Where does that one allocation come from? Because we’re returning a copy of the string rather than the original. Eagle-eyed readers might suspect there should be two allocations: dom := []byte(domain) and return string(dom), but it seems like Go’s compiler optimises one of these away (after all, a string is just a byte slice).
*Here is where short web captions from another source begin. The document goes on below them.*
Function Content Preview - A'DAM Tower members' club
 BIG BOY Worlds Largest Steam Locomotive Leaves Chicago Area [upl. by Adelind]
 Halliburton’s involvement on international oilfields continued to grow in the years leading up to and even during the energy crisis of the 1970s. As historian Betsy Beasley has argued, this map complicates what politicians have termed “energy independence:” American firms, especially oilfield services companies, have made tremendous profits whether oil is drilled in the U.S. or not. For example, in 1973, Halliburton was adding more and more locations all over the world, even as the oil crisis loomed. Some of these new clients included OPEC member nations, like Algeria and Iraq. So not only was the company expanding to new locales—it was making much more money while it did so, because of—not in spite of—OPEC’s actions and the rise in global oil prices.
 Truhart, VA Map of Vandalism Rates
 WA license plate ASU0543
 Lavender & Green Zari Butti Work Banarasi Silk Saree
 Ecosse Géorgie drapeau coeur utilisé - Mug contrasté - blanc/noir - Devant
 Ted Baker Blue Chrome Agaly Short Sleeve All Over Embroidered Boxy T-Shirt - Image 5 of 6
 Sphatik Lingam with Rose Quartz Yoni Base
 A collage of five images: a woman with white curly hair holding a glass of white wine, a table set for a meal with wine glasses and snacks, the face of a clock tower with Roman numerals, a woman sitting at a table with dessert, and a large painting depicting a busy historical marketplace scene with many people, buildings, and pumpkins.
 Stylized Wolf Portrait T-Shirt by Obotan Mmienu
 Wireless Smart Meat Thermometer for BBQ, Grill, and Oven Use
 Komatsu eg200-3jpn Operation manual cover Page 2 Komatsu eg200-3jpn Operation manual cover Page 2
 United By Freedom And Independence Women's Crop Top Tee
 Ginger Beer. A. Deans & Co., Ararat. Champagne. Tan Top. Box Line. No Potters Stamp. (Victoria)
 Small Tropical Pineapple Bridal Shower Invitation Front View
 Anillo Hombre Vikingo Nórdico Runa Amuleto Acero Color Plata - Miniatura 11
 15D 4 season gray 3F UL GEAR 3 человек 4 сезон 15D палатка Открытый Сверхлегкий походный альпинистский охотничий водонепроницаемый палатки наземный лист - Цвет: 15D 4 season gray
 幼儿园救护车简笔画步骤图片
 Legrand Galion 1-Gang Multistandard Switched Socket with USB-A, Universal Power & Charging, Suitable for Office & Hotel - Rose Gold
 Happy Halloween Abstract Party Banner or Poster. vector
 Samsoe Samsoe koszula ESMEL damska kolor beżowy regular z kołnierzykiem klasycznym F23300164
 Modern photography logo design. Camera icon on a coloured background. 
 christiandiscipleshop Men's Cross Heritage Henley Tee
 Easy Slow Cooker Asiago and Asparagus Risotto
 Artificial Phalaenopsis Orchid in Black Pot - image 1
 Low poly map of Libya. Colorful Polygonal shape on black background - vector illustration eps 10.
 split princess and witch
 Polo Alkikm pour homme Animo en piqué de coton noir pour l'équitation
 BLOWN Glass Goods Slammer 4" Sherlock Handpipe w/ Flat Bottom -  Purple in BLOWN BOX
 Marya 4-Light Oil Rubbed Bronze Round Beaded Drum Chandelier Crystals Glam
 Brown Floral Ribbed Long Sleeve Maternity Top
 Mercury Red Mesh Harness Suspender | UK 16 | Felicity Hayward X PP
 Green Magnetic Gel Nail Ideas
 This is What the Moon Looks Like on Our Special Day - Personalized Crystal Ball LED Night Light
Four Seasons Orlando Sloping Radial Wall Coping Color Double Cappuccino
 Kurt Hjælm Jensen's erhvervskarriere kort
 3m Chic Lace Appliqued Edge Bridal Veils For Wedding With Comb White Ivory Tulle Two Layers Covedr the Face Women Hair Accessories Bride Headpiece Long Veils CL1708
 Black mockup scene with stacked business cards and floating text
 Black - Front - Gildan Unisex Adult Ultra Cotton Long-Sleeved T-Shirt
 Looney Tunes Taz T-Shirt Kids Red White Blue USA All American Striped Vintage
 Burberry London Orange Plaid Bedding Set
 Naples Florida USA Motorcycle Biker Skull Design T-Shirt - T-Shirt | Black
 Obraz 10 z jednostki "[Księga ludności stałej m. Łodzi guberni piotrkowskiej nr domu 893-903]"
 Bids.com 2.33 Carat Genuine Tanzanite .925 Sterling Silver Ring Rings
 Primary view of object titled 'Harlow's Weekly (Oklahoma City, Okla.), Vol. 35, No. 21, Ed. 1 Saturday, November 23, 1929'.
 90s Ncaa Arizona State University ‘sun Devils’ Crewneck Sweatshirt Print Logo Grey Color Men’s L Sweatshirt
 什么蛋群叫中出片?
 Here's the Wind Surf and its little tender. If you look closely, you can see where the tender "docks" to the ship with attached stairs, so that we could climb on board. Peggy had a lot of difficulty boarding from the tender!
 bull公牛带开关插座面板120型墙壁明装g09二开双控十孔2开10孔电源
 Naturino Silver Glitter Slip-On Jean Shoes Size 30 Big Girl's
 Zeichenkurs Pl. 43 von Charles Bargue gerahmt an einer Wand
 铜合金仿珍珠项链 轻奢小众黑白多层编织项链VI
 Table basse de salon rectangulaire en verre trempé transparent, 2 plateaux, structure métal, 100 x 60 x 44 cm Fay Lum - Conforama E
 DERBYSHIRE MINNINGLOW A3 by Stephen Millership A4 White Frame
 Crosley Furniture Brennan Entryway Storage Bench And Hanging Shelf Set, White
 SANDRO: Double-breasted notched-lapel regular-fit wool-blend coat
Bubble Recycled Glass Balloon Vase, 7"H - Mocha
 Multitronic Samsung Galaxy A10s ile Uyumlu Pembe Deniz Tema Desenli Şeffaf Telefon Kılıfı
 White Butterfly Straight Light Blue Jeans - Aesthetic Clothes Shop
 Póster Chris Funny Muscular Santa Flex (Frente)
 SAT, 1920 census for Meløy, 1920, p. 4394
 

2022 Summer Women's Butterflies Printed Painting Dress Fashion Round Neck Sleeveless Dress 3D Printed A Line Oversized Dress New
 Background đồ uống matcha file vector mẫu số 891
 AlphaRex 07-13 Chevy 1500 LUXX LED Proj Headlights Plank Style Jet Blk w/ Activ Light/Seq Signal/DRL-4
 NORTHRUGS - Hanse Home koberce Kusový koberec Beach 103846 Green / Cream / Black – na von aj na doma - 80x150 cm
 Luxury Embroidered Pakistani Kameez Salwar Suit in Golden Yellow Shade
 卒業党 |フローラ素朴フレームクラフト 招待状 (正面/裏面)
We can get some evidence for this theory by running our tests with escape analysis: go test -v ./... -bench . -gcflags '-m' and seeing the following lines:

./domainreverse.go:27: string(dom) escapes to heap
./domainreverse.go:13: ReverseDomainFaster domain does not escape
./domainreverse.go:14: ReverseDomainFaster ([]byte)(domain) does not escape

You might also want to write some table-driven tests so make sure your algorithm is working as intended:

func TestReverseDomain(t *testing.T) {
	tests := []struct {
		input, want string
	}{
		{"test", "test"},
		{"foo.bar.baz.co.uk", "uk.co.baz.bar.foo"},
		{"foo.bar.baz.co.uk.", ".uk.co.baz.bar.foo"},
		{".....", "....."},
		{"", ""},
	}

	for _, tt := range tests {
		if got := ReverseDomain(tt.input); got != tt.want {
			t.Errorf("ReverseDomain actual=%s, expected=%s", got, tt.want)
		}

		if got := ReverseDomainFaster(tt.input); got != tt.want {
			t.Errorf("ReverseDomainFaster actual=%s, expected=%s", got, tt.want)
		}
	}
}

Can it go even faster?

If we could avoid the allocation by mutating the original domain instead, our code should go much faster:

func ReverseDomainInPlace(dom []byte) {
	revB(dom)

	lastDotIdx := 0
	for i, b := range dom {
		if b == '.' {
			revB(dom[lastDotIdx:i])
			lastDotIdx = i + 1
		}
	}

	revB(dom[lastDotIdx:])
}

Note that to make it clear that the function mutates its arguments, I choose not to return anything.

If you write one final benchmark for this in-place version:

func BenchmarkReverseDomainFasterInPlace(b *testing.B) {
	b.ReportAllocs()

	for i := 0; i < b.N; i++ {
		ReverseDomainInPlace([]byte("foo.bar.baz.co.uk"))
	}
}

We can see that it is a lot faster than our original function and does no allocations:

BenchmarkReverseDomain-8                3000000   404 ns/op    144 B/op    3 allocs/op
BenchmarkReverseDomainFaster-8         10000000   133 ns/op     32 B/op    1 allocs/op
BenchmarkReverseDomainFasterInplace-8  20000000    73.4 ns/op    0 B/op    0 allocs/op

What will you do with your extra 330ns and 144 bytes of memory?